I know right? :/ I couldn't leave her. poor girl had her hands full, her roomie was allergic AND she knew nothing of guineas. So I got her  if she is not stressed she won't beat up on other guineas!  such a sweetie :-( someone's fad, I'm guessing. "mommy I want it" then you know the rest.


----------



## Olympia (Aug 25, 2011)

Never realized how abused little guinea pigs were D: 
She's so cute <3 Does she actually squeak?  don't really know guinea pigs.. there was a hairless one at the pet shop and he was like.. talking to me :O
I hate that these "less responsibility pets" are considered "dumpable". Bad news, Easter is coming up.. and usually within a month after that poor bunnies are just flooding the shelters :'(


----------



## MadameDesu (Feb 5, 2012)

She's adorable!

I had guinea pigs growing up. They lived to the ripe old age of 9 years.
I don't understand how people can be so cruel to animals. They're not disposable.


----------



## djembekah (Feb 13, 2012)

oh golly! she's so beautiful. i want a piggie so much. but i really need to take care of my fish for now- no room for another fuzzy friend. I hope she finds a home! you are a great person


----------



## betta lover1507 (Aug 6, 2011)

sorry to hear you can't find a home, did you add her to craiglist or petfinder? those could help (watch out for kids, add that your not allowing kids that has no responsibility) she is a pretty guinea, it is sad how the world treats the animals.


----------



## BettaHeart (Jan 2, 2011)

awww... if only i wasnt in the next province over i would take her 

maybe if you still have her by summer we can arrange a meeting place closer to calgary, i have family close to cochrane and will most likely visit this year. pm me when you have time.


----------



## Sena Hansler (Aug 24, 2011)

my bf's mom might want her, but the guinea is pretty scared of all sounds! she has a 4 year old son, and he is pretty rough with the dog and 2 cats - which then I will note those were barn cats... I may allow her the more mellow one, Shaggy, that way Shaggy stays in the family, but he would be better as a first pet then a "I'm scared" girlie.

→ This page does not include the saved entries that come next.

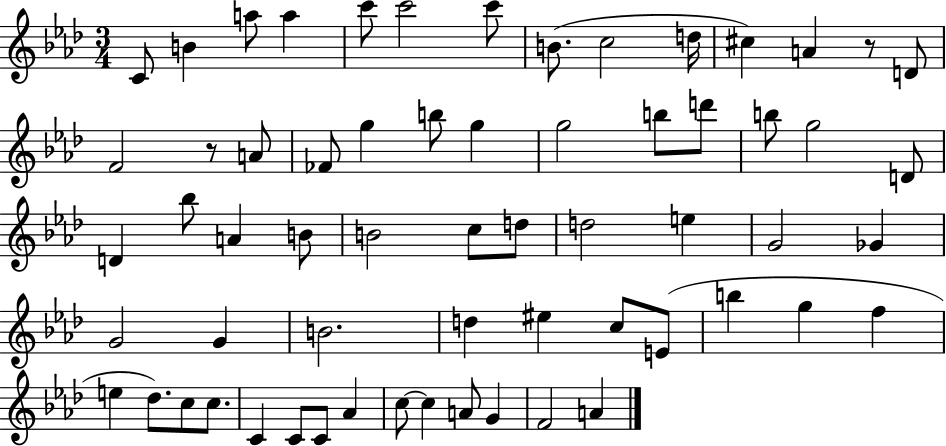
{
  \clef treble
  \numericTimeSignature
  \time 3/4
  \key aes \major
  c'8 b'4 a''8 a''4 | c'''8 c'''2 c'''8 | b'8.( c''2 d''16 | cis''4) a'4 r8 d'8 | \break f'2 r8 a'8 | fes'8 g''4 b''8 g''4 | g''2 b''8 d'''8 | b''8 g''2 d'8 | \break d'4 bes''8 a'4 b'8 | b'2 c''8 d''8 | d''2 e''4 | g'2 ges'4 | \break g'2 g'4 | b'2. | d''4 eis''4 c''8 e'8( | b''4 g''4 f''4 | \break e''4 des''8.) c''8 c''8. | c'4 c'8 c'8 aes'4 | c''8~~ c''4 a'8 g'4 | f'2 a'4 | \break \bar "|."
}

I'm working on her right now, she cannot be held too much  too much = too much stress! obviously she was someone's fad. sick! and yes, the bunnies will fill our spca's because it's easter soon. Also imagine the sick people DYING these bunnies, because they are a fad? if I had a bunny hutch I'd take them, re-home them :lol: 

LUCKY ME!!!! I have 100.00 extra, to bring Shaggy to a vet  they'll clip his black curly nails, check his clouded eyes, and all that jazz!! <3 

Squeak does so squeak... she wheeks, purrs, chatters and complains :lol: her complaining is so cute though - as if she is telling you her woes as she buries her head in your armpit, neck (or for you mama-type gals), belly, etc :lol: Her hind legs are what tell me she has scurvy, and it hurts her to be touched there. but hey, it won't be so bad in 1-4 weeks. She does not know about peppers though! Lettuce she'll eat a little of. But she needs to be separated so I know she gets the peppers and miss Honey Bunny doesn't eat it all :/ silly little guinea! :lol:

Maybe if you do come on down you can get her =D or knowing my bleeding heart for humanity, another one that too, was abandoned and needs a loving home xD


----------



## Mandy Pandy (Mar 17, 2012)

Olympia said:


> Never realized how abused little guinea pigs were D:
> She's so cute <3 Does she actually squeak?  don't really know guinea pigs.. there was a hairless one at the pet shop and he was like.. talking to me :O
> I hate that these "less responsibility pets" are considered "dumpable". Bad news, Easter is coming up.. and usually within a month after that poor bunnies are just flooding the shelters :'(


It's really sad and my husband's family are part of that problem. They keep telling me they want to get my 10 month old son a duck or a bunny for Easter. (What the heck would I do with a duckling?) My ferrets would gobble either up if given half a chance. I told them a very firm no so hopefully they won't.


----------



## Sena Hansler (Aug 24, 2011)

a duck??? a duck??? why a duck of all things?? xD Rabbit cages..don't they have bars spaced enough that a weasely little ferret could squeeze through? :/ I've seen some ferrets squeeze through some tight spaces before! if they were interested enough, they could get through...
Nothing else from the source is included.